No wonder we struggle telling the middle of this story.

Like Peter

If you need proof that the writer we call Mark is a master storyteller, look no further than the portrayal of Peter, the Rock, de facto leader of the disciples, first among equals, the one who would later establish the seat in Rome. It is Peter, the fisherman-turned-disciple who sort of gets it, who Paul might suggest sees through a mirror dimly. He gets some of it, but he doesn’t get it all.

The evangelist wasn’t writing about Peter because he wanted to make Peter look bad, but so that we would have a way into the story. So that we, with our misunderstanding and confusion and weakness, would be represented in the story. We can’t be Jesus, but we can be Peter. We are Peter.

Coming to St. Stephen’s I feel like Peter, I feel like Peter, here, in the middle of the story. Like there is all of this stuff that happened before and there is some amazing stuff that will come around soon, but here we are, in the middle, where the action is. Where things actually make less sense.

And sometimes our response to the dire news that Jesus gives us is tell him he’s wrong. Or when we are invited up the mountain, and we see GOD’s presence with us and we don’t die, and we think we’re supposed to build a dwelling for Elijah and Moses, rather than witness the event itself and do as we are told: “This is my Son, the Beloved; listen to him!” Listen! We feel like our work is to give order to Jesus and move him, to convince him to look our way, but here we receive a different invocation: we are told to listen to him.

The Middle

This middle moment up the mountain is paired with that first moment at baptism. Both with a miraculous GOD-sighting. Both with the loud voice proclaiming Jesus as GOD’s beloved. One at the beginning, now one in the middle, at the hinge point, the moment when things change, when the arc of the story is bending in a new direction. Jesus’s eyes will be set on Jerusalem, and there will be no getting in his way. No staying up on the mountain forever. Or for a week while they figure out what to do. They know what to do. Or, Jesus knows what he is to do. And they are supposed to listen to him.

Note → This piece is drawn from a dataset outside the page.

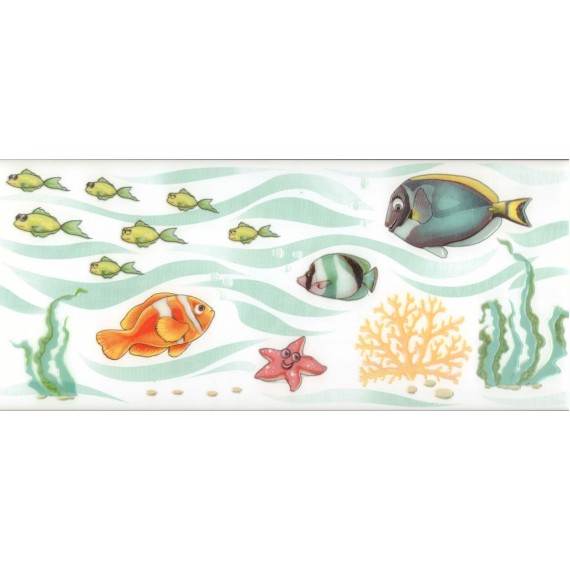 Плитка 330004 АККОРД Декор Рыбки 20*45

This story is about change, new direction. We call it the Transfiguration because Jesus’s face is transfigured, but what exactly does that mean?

Hear the word transfigured is like transformed. They have a similar meaning. Where transformed means that something’s form has changed completely, transfigured means that something’s appearance has changed. Not simply that it is perceived as different, but that it looks different and feels different and may be different.

So who Jesus is before he goes up the mountain may be substantially who he is when he goes down the mountain, he nevertheless is changed. And to the disciples, he seems different. They can tell the difference.

Change

For us, the Transfiguration is a story about change–but not in the way we normally talk about it. Change in the way that doesn’t pretend like we didn’t grow up where we grew up with the people we grew up with playing the games we played. We did all that, we were those people. And yet through GOD’s grace, we are able to be different; different in a way that feels different, that people can notice.

Loving GOD, trusting GOD, makes us different than we are without it. Though we might not look any different to ourselves in the mirror, and while our families might see us through the rose-colored glasses of foggy family memories, the world can tell. We are changed.

For us, the transfiguration isn’t only what happened to Jesus but what happens to us; what happens to all of us. It is about change and changing. It is about being witness to GOD’s changing of our lives and witnessing with our own eyes, GOD’s transfiguring power with our friends. It is about experiencing change and seeing change. It is about what we experience, following Jesus up the mountain, and what he does when he leads us down, afterward. We, the witnesses, have experienced change, grace, the very breath of GOD and lived.